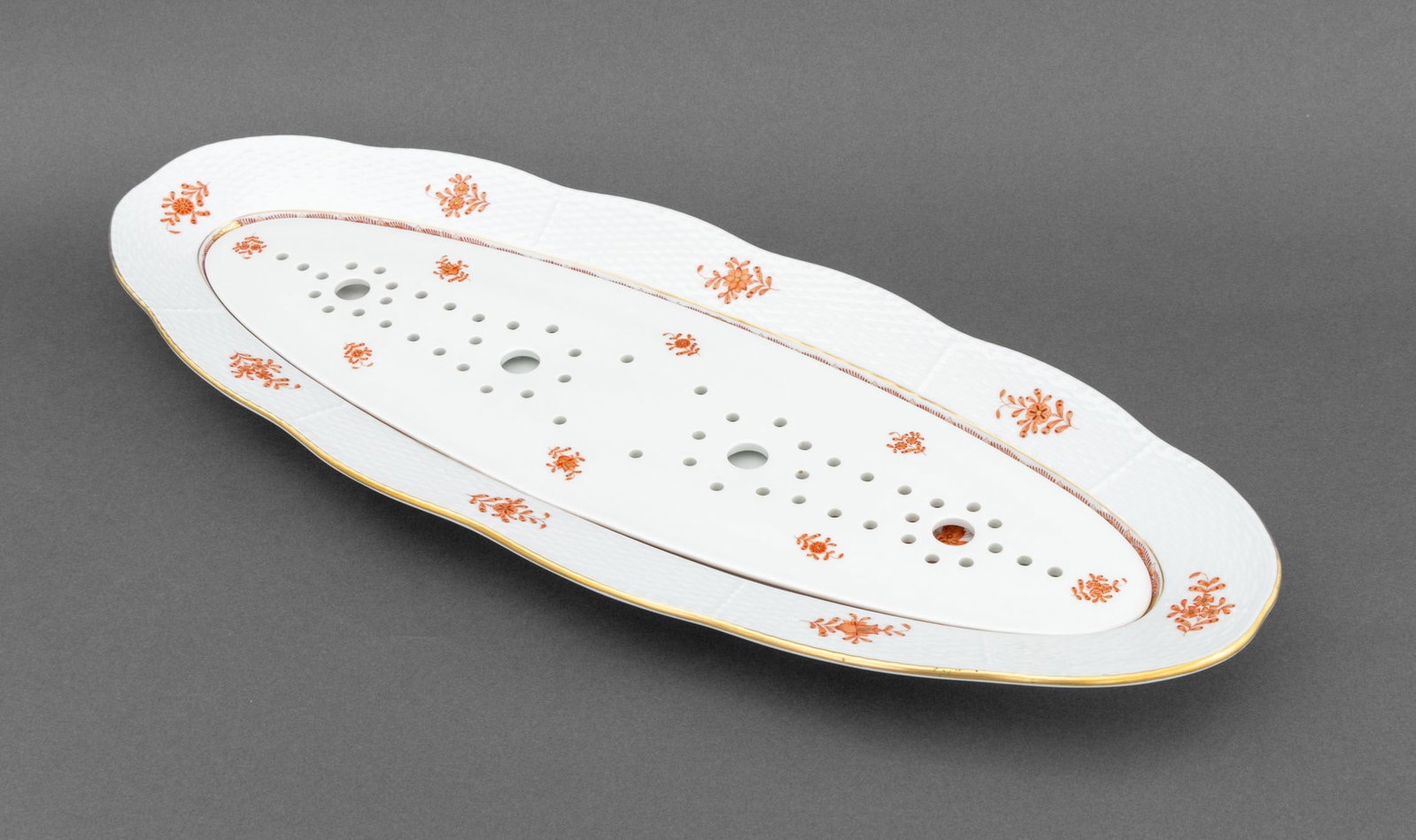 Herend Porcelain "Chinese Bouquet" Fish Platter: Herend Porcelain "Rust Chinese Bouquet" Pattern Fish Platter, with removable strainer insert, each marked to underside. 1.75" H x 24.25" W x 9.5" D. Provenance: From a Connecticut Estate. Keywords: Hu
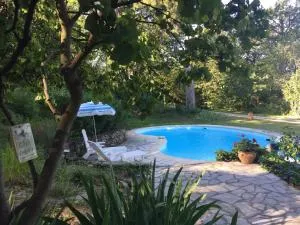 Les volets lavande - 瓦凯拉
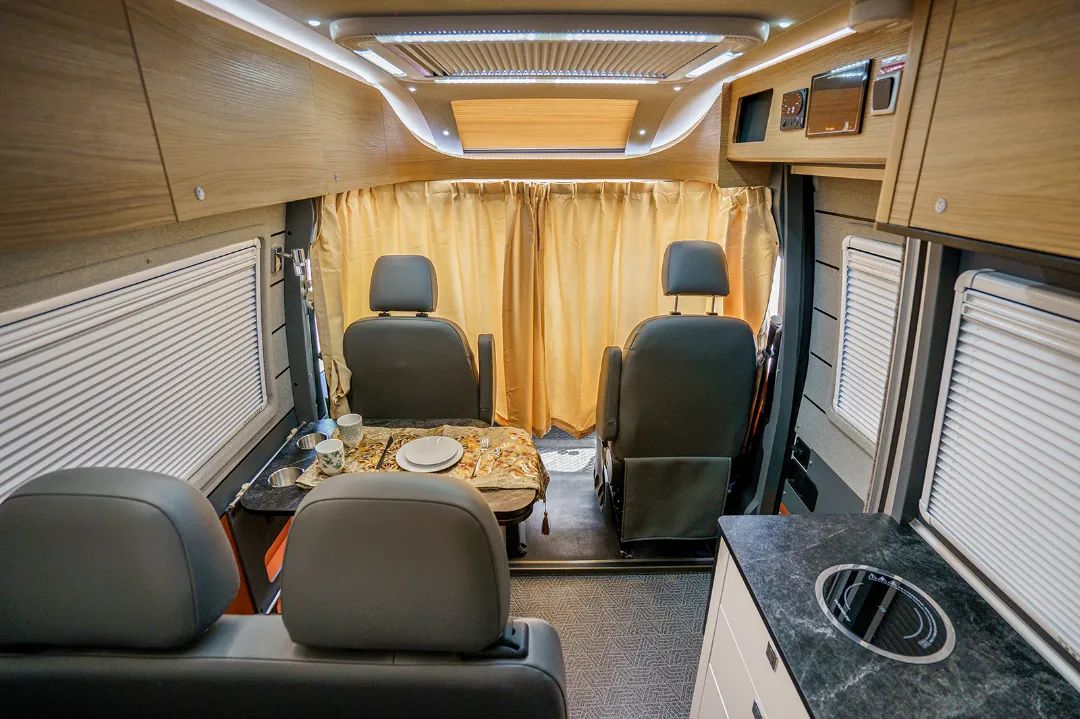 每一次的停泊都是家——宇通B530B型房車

━━━

### WORK REQUEST
Leave out the pictures and set down all of the data exactly.

### RESULT
 Herend Porcelain "Chinese Bouquet" Fish Platter: Herend Porcelain "Rust Chinese Bouquet" Pattern Fish Platter, with removable strainer insert, each marked to underside. 1.75" H x 24.25" W x 9.5" D. Provenance: From a Connecticut Estate. Keywords: Hu
 Les volets lavande - 瓦凯拉
 每一次的停泊都是家——宇通B530B型房車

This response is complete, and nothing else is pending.